• [What the task asks]
Exact copy, no pictures: return all the records as they stand.

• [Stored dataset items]
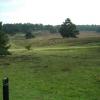 heide_cj_300907_01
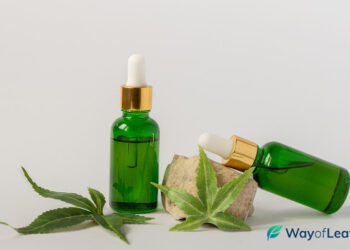 The Most Rated CBD Delivery Apps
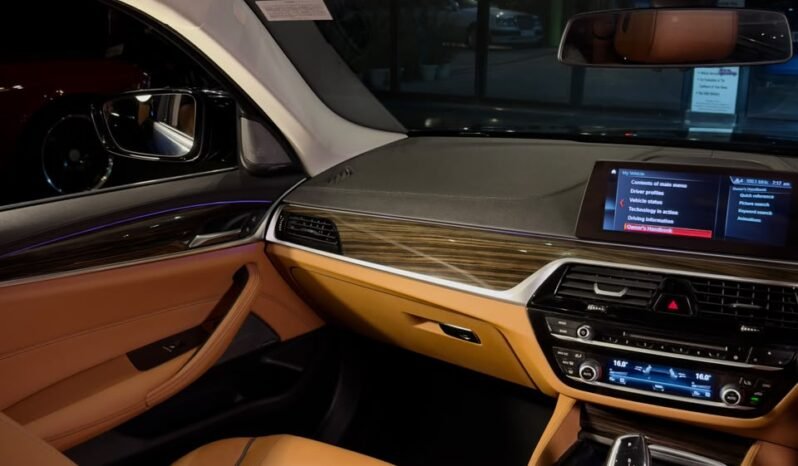 
								BMW 520d LUXURY LINE full									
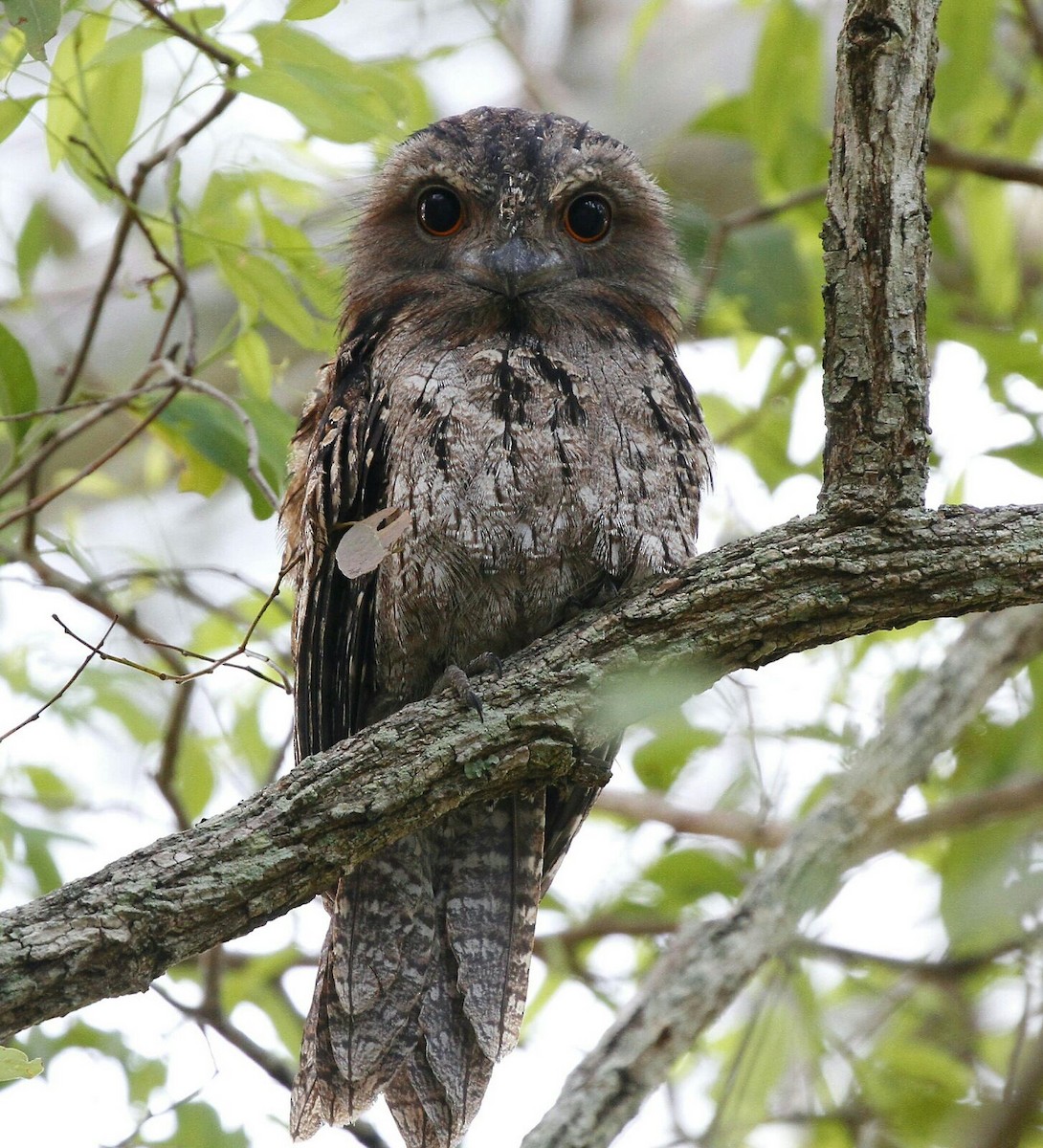 Tawny Frogmouth - Gus  Go
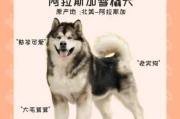 阿拉斯加犬雪橇犬性格（阿拉斯加雪橇犬性格特点）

• [Answer to this task]
 heide_cj_300907_01
 The Most Rated CBD Delivery Apps
								BMW 520d LUXURY LINE full									
 Tawny Frogmouth - Gus  Go
 阿拉斯加犬雪橇犬性格（阿拉斯加雪橇犬性格特点）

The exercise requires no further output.